There is no such thing as a free bike. Any bike you get for free, usually has a good reason behind it being "free", like requiring a ton of hours and loads of money in unobtainable (or at least not easily obtainable) parts that will make you be on first name basis with all the junkyard/used parts dealers in a 500 mile radius and everybody selling used parts on e-Bay. I have a friend that owns a salvage parts business. If you want to hear him rant, ask him about the guys that come in looking for parts for their "free" bikes. I'm not saying you can't get lucky and have it be only $500 in parts. But realistically, you should plan for $1500 or more if it's not running when you take over ownership. How good a mechanic are you? If the bike has to go to a shop, simply forget about it. It's going to cost you $70/hr of some guy guessing what could be wrong with the bike for hours. It adds up very quickly.

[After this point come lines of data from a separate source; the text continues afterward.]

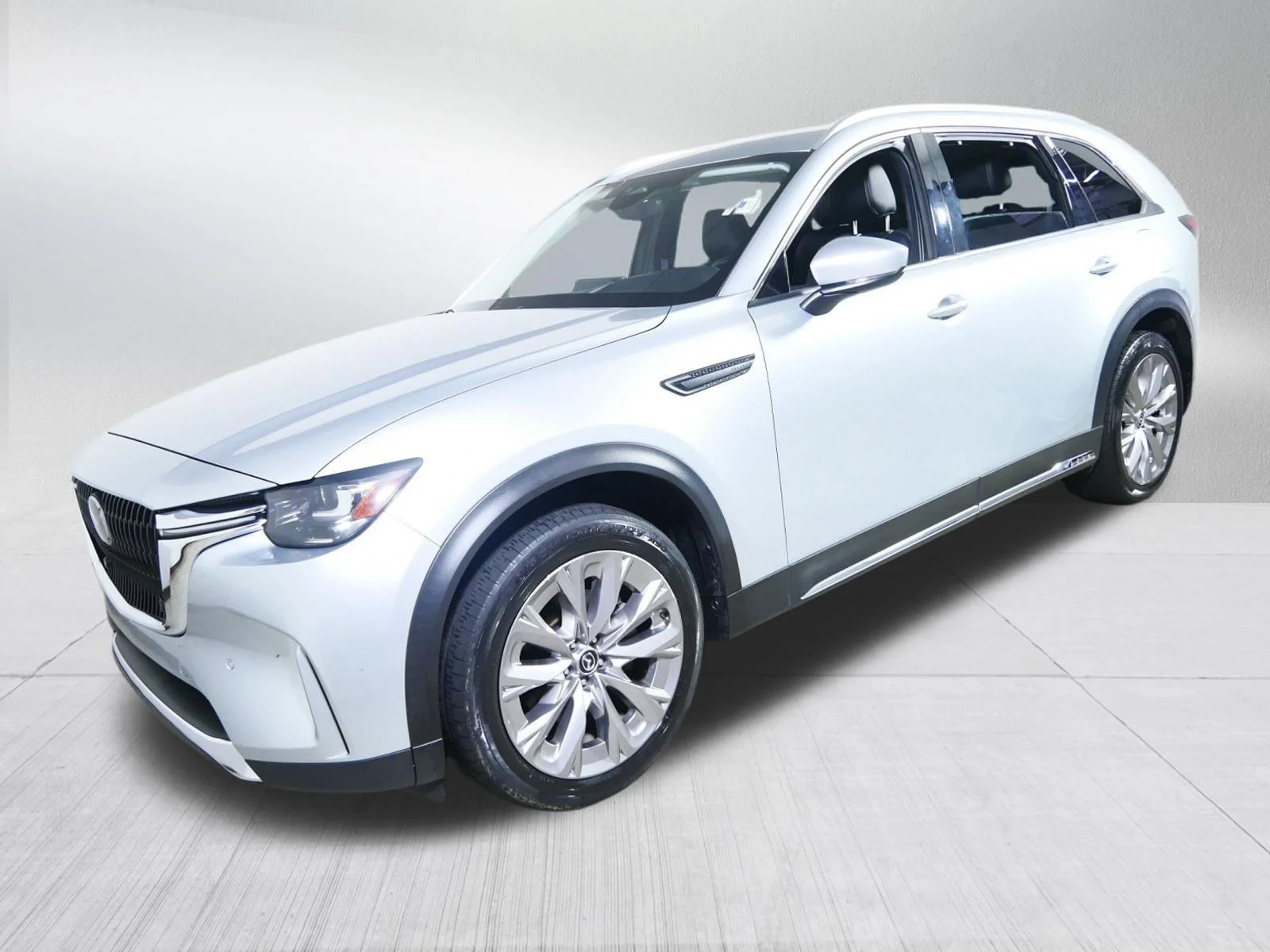 Used 2024 Sonic Silver Mazda 3.3 Turbo Premium image 3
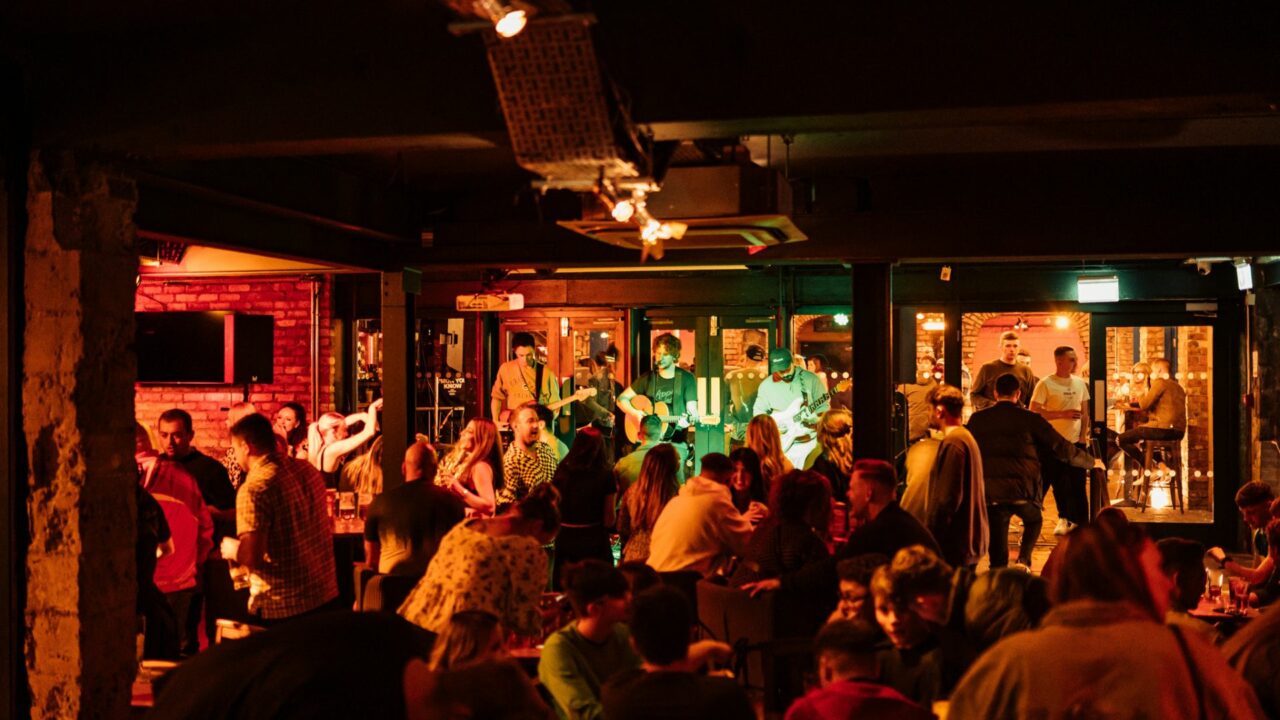 Filthy McNastys Bar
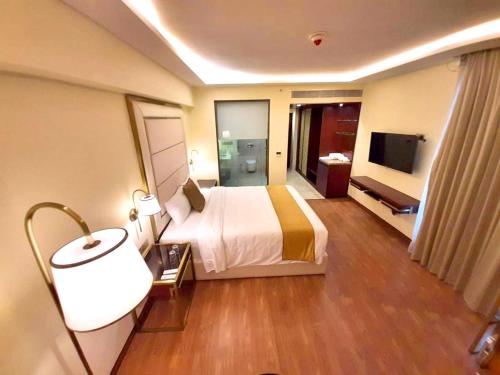 Postel nebo postele na pokoji v ubytování KAY-EM Spectra Hotel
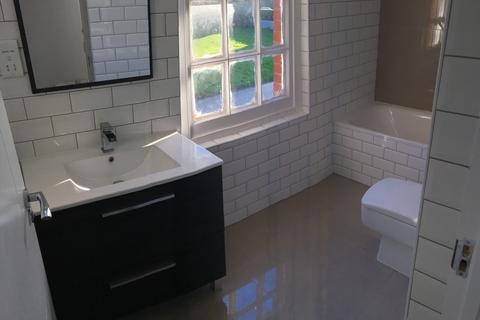 1 bedroom flat to rent, Ravenscourt, Fishponds Rd, Keston, BR2
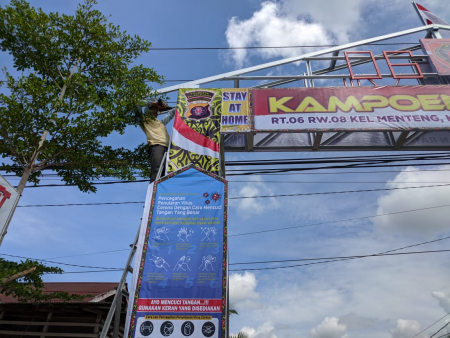 PASANG BALIHO di GAPURA KAMPUNG TANGGUH
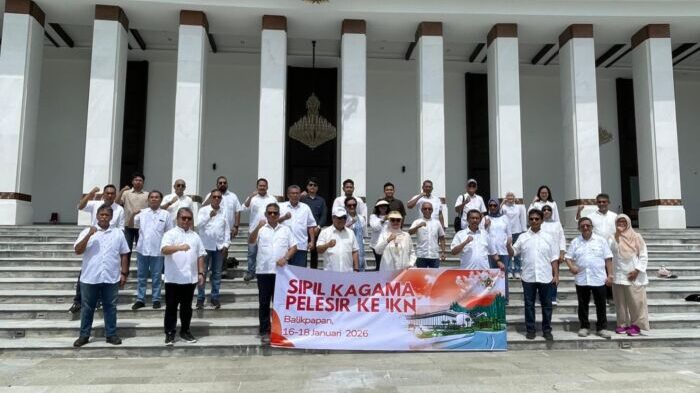 Keluarga KATSGAMA melaksanakan penanaman pohon, di kawasan Ibu Kota Nusantara, pada Sabtu (17/1/2026). Foto: BorneoFlash/Ist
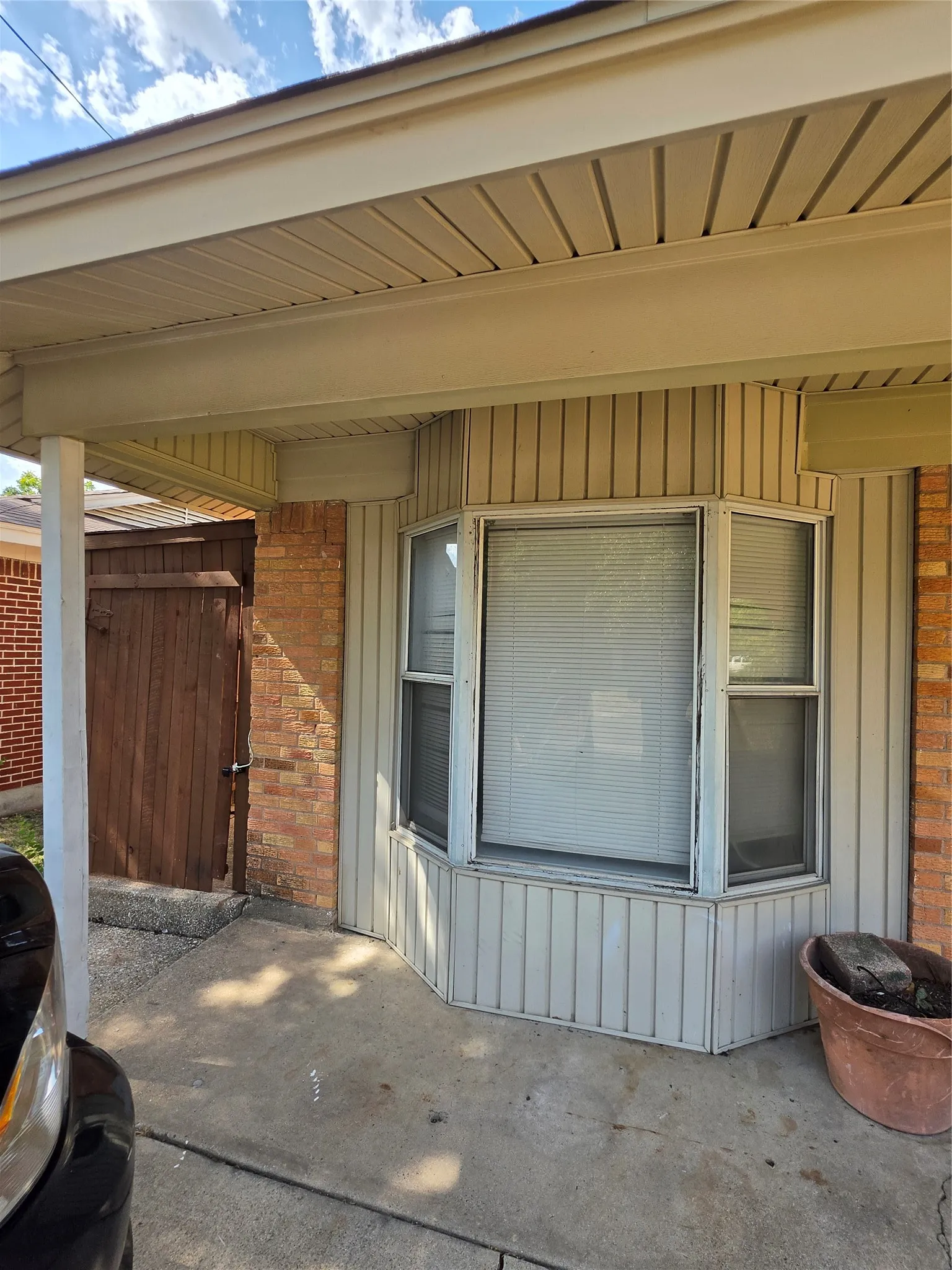 Apartment For Rent in Dallas County , 2539 Hillsboro Avenue, Dallas, Texas 75228, 0, 1 Bathroom, Garage spaces, 200 Sqft, built in 1957, mls#21357024, Real Estate Agent in Dallas, Homes For Rent in Dallas county, Homes For Rent in Dallas, Realtor in Dallas Texas, Real Estate Brokerage Independent Realty Texas, Luminita Cordes Realtor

I agree with those that said a beater bike is ideal to start with, but not a big, heavy and non-running beater bike. Ideally, you'll find a cheap Ninja 250/500, Suzuki GS500 or some other relatively lightweight, short, simple to operate and maintain motorcycle that you can really learn to ride on without worrying too much about the financial consequences of dropping it. Once you master the basics of motorcycle riding, you'll be able to ride anything and the experience may give you a better indication of what type of riding you are more drawn to (as opposed to what appeals to you now from looking at pictures and imagining what it might be like).
The Versys is indeed a great bike. It could also make a reasonable learning bike, but I don't think it's the best bike to learn on, even if you are wealthy enough to not care if you trash it making noob mistakes in parking lots.